Question

In the adjoining figure; ABCD is a parallelogram. If AP = BP and CP meets the diagonal BD at Q and area of ΔBPQ = 20 cm², find:

1. PQ : QC.
2. Area of ΔPBC.
3. Area of parallelogram ABCD.

Answer 1

Given: ABCD is a parallelogram. P lies on AB with AP = BP, so P is the midpoint of AB. CP meets diagonal BD at Q. Area (ΔBPQ) = 20 cm².

Step-wise calculation:

1. Put coordinates (convenient choice):

A = (0, 0), B = (2, 0)

So, P = (1, 0).

Let D = (u, v)

So, C = B + AD = (2 + u, v).

Parametrize BD:

B + s(D – B) = (2 + s(u – 2), sv).

Parametrize CP:

C + t(P – C) = (2 + u – t(1 + u), v(1 – t)).

Equate y-coordinates:

sv = v(1 – t)

⇒ s = 1 – t

Equate x-coordinates and substitute s = 1 – t.

Solve for t:

t(2 – u) = 2 – t(1 + u) 

⇒ 3t = 2

⇒ `t = 2/3`

So, `s = 1/3`.

Thus, Q divides CP with CQ : QP

= t : (1 – t) 

= `2/3 : 1/3` 

= 2 : 1 

So, PQ : QC = 1 : 2.

2. Areas on the same altitude:

ΔBPQ and ΔBPC share the same altitude from B to line PC.

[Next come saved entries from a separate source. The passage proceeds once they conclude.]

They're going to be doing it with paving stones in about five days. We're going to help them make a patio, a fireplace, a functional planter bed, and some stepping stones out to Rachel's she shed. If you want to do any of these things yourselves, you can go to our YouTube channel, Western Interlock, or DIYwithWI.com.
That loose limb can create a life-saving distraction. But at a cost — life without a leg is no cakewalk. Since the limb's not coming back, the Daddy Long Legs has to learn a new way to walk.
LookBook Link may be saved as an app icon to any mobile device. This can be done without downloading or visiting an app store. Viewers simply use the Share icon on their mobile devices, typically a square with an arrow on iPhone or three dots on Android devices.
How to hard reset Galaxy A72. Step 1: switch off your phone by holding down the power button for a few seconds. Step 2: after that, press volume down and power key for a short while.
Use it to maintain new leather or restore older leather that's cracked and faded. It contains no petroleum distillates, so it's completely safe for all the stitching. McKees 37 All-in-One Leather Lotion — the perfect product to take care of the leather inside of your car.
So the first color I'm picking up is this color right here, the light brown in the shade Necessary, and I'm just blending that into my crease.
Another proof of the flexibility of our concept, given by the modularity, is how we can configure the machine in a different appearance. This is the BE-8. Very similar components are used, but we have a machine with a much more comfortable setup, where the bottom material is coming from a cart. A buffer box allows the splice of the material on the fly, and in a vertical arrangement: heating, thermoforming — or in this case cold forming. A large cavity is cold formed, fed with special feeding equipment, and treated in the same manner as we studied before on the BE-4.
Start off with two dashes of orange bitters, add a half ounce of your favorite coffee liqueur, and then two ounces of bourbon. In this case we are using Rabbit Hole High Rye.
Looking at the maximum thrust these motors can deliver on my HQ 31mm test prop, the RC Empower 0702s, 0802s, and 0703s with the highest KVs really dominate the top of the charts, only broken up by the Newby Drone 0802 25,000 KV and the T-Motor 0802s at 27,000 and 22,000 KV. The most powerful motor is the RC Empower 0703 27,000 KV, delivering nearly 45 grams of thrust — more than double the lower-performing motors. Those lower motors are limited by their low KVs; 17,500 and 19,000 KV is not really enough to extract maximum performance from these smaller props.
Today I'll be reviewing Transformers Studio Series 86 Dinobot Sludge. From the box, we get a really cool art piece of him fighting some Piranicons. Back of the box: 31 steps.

So, `("Area"(ΔBPQ))/("Area"(ΔBPC))`

= `(PQ)/(PC)` 

= `1/3`

Therefore, Area (ΔBPC) 

= 3 × Area (ΔBPQ) 

= 3 × 20

= 60 cm²

3. Relation to parallelogram area:

With P the midpoint of AB, vector argument or coordinate calc gives Area (ΔBPC) = `1/4` × Area (parallelogram ABCD).

Hence, Area (ABCD) 

= 4 × Area (ΔBPC)

= 4 × 60

= 240 cm²